Maybe he would benefit from going to a doggy daycare a couple times a week? It would give him both some additional exercise and also he will get to learn some doggie manners playing with the other dogs there.


----------



## Trids (Jan 22, 2009)

missmarstar said:


> Maybe he would benefit from going to a doggy daycare a couple times a week? It would give him both some additional exercise and also he will get to learn some doggie manners playing with the other dogs there.


THERE'S an idea! One just opened near me....I'll have to check on prices. Thanks!


----------



## Tanyac (Jun 18, 2008)

Speaking as someone who had a 'body slammer' pup..... thankfully they do get better, but mine will still take my other dog clean off her feet at a full gallop if she's not watching!!

I think a baby gate is definitely your answer here.

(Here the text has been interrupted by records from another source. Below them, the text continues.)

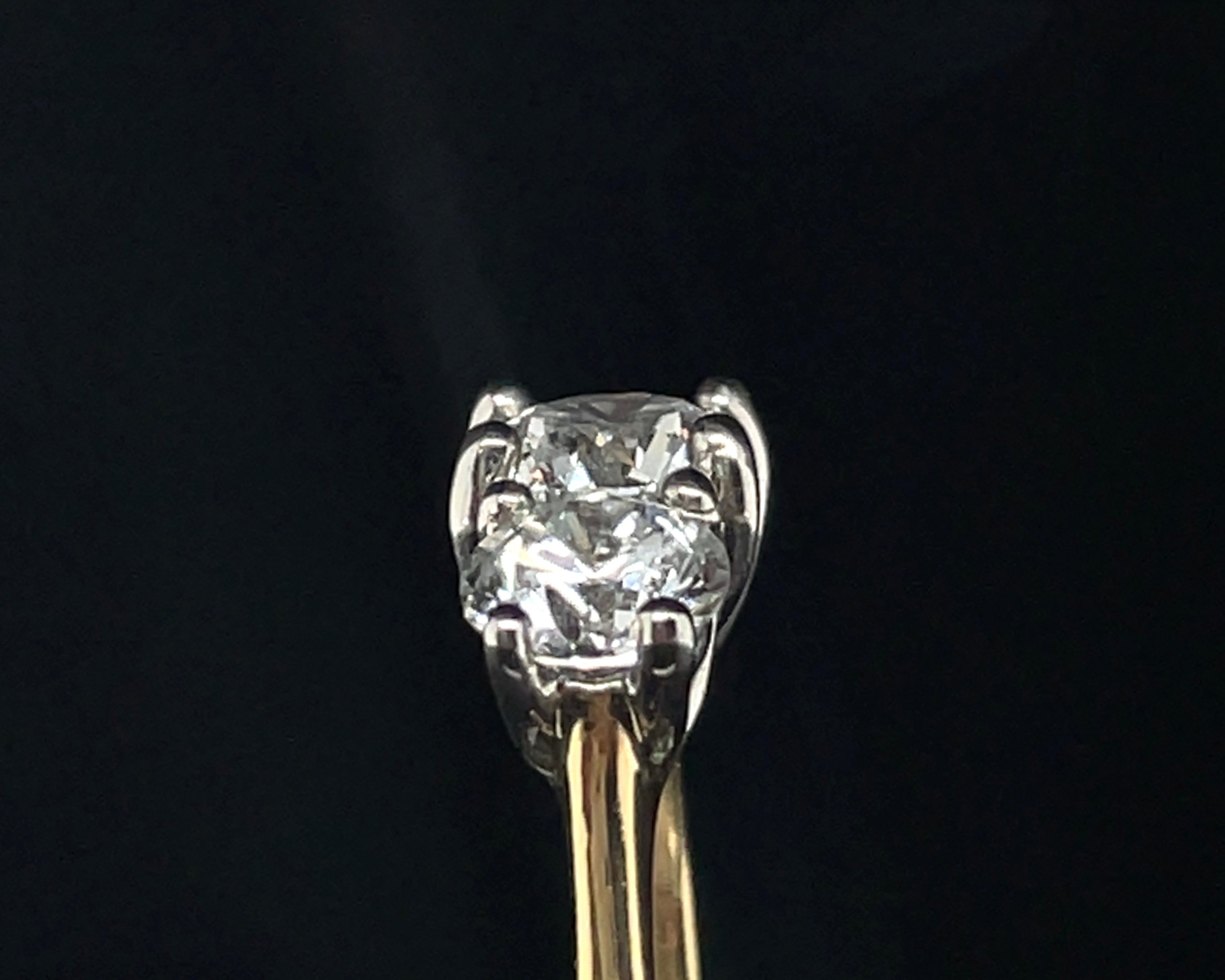 3.5ct Round Brilliant Trilogy Ring in 18ct Yellow Gold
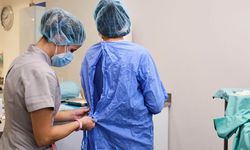 Ameliyat öncesi bıçak parası isteyen doktor gözaltına alındı!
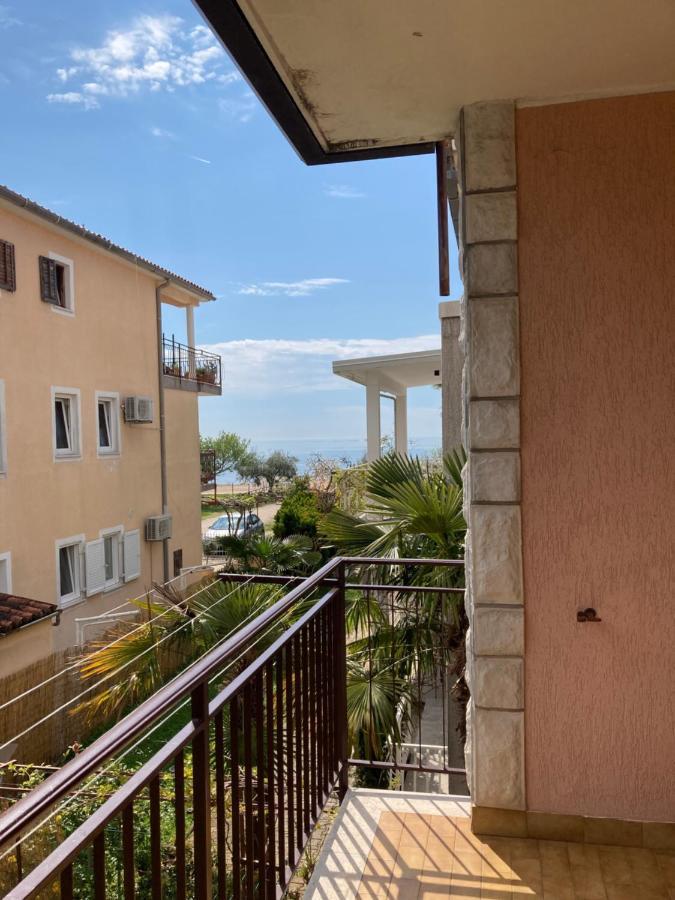 Apartments Hrnjic Умаг Экстерьер фото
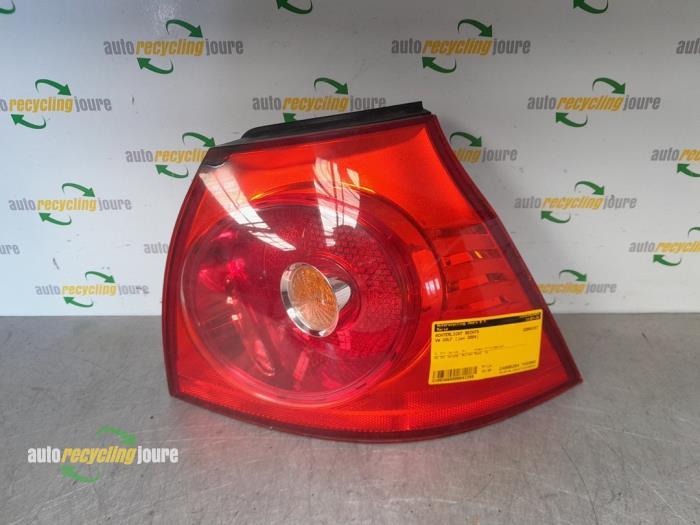 Achterlicht rechts van een Volkswagen Golf, Gebruikt, -, Volkswagen, -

Your other dog deserves some peace when she wants it, and the puppy cannot see your other dog as her plaything.

I don't think any puppy should be exercised too much when young... never good for growing joints, but do you only exercise when you come home from work? I would suggest getting up a little earlier and giving the pup a change of scenery by way of a walk before you go to work, this will give you a chance to practice and reinforce training on a 1:1 basis. You should do this after work also. Two 30 minute sessions is better than one block of 60 minutes.

Golden retrievers can be extremely high energy dogs... but of course you're finding that out right now aren't you

Playdates with similar size puppies but more importantly older dogs who will 'teach' the pup appropriate behaviour is a good idea. Just make sure the older dogs aren't too rough or intolerant, and this should help.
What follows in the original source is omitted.